# PLASTISOL or NO PLASTISOL transfer. That is the question?!



## Amaa301 (Jun 22, 2010)

Hello all!
I am a newbie to the industry, based in the UK and I have quite a few questions about plastisol tranfers. I am starting up an online t shirt company aimed at launching at the start of next year and I have been doing loads of research on printing methods. 
Most of my designs have a lot of colours and a few have quite intricate detailing, so I was thinking that screen printing would not be cost effective. And then I came across plastisol transfers and DTG. I quite like the idea of plastisol transfers, and for some reason I'm more inclined to this because of the ease of application (after perfecting this of course). 
And as my designs are quite artsy, I dont want them coming out too photo-like.

Here are my questions.
1. What are the pros and cons of using plastisol transfers as opposed to screen printing or DTG.

2. Are they of good retail quality? What do they feel like? I don't want my shirts having a plastic feel, or the design sitting on the shirt. I'd like it to look like that's how the material was made.

3. Is it wise and cost effective to start a business with this method? Especially since I plan to outsource all the application work.

4. Are there any good plastisol vendors in the UK?

5. I am quite interested in having my shirts made abroad. Does any one know of any good vendors outside the UK and the US? Possibly China.

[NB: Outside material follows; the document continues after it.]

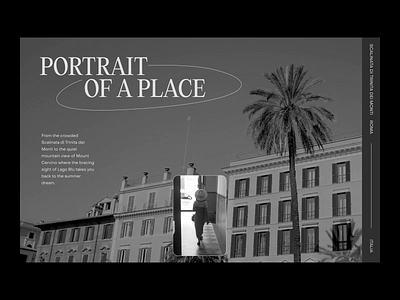 Portrait of a Place animated animation blog brand identity branding homepage landing page minimal minimal design motion graphic travel app ui ui ux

Feel free to post any opinions about any of the questions.
Looking forward to your replies!

Thanks!
FK
X


----------



## mrfunone (Oct 4, 2010)

Best off to do dye sublimation on poly/poly-blend shirts.
Try dyesub.org


----------



## Amaa301 (Jun 22, 2010)

I want to use cotton shirts though :s


----------



## mrfunone (Oct 4, 2010)

Amaa301 said:


> I want to use cotton shirts though :s


 sublimation is the only way that I know of to get a shirt with "no feel" to it.


----------



## Amaa301 (Jun 22, 2010)

I have designs with loads of colours and I will be printing on a few dark coloured t shirts. I've heard plastisol transfers are better than sublimation for this. Especially on cotton shirts.


----------



## MarLai (Aug 14, 2008)

Waterbase and discharge printing on cotton shirts will also provide a soft feel and the inks will soak into the fabric. Plastisol inks lay on top of the fabric and you will definitely be able to feel the print. They do have some soft hand plastisol inks available as well, but they still aren't as soft as waterbased inks.


----------



## mrfunone (Oct 4, 2010)

Printing darks and, especially, black is difficult except for heat transfers. I'm new to this too.
I want to go the heat transfer and sublimation route.


----------



## Amaa301 (Jun 22, 2010)

Thanks James..
Hmmn I'll need to find out more about waterbased and discharge printing. Are those just different types of inks used by screen printers?
Are they of higher retail quality than plastisol transfers? I.E does it last? And do the colours come out brightly on both light and dark shirts?
And can they take up many colours?
X


----------



## MarLai (Aug 14, 2008)

Screen printers can use waterbased inks when the ink color is darker than the shirt - when the shirt is dark and you want the ink to be a lighter color than the fabric that's when they use discharge inks. Discharge is a chemical that removes the shirt dye and then the waterbased ink is printed over the area that has been discharged.

Typically the high end brands use these types of inks due to their softness, I'm sure some dabble with plastisol screen printing in certain situations. Sometimes shirts cannot be discharged depending on the type of dyes that were used. We use waterbase and discharge on our shirts and they last - I'm not sure about plastisol transfers - haven't used those before.

As far as colors are concerned - screenprinting a design with a lot of colors can get very costly.


----------



## Amaa301 (Jun 22, 2010)

Thanks James, that was goodstuff.
My designs are quite colourful, so I don't think screen printing would be so cost effective for me.
X


----------



## HippieGuy (Sep 27, 2009)

I would think all of this depends on budget/investment.
If you are new, as you say, I beleive plsatisol transfer is the best alternative. At least until you get a feel for the industry, your market etc.

One alternative, which may be cost effective: outsource your work to a transfer biz that will place your art onto plastisol transfers. You can purchase a good heat press and press these yourself saving $$$$. No need to buy a printer/vinyl and all accessories


----------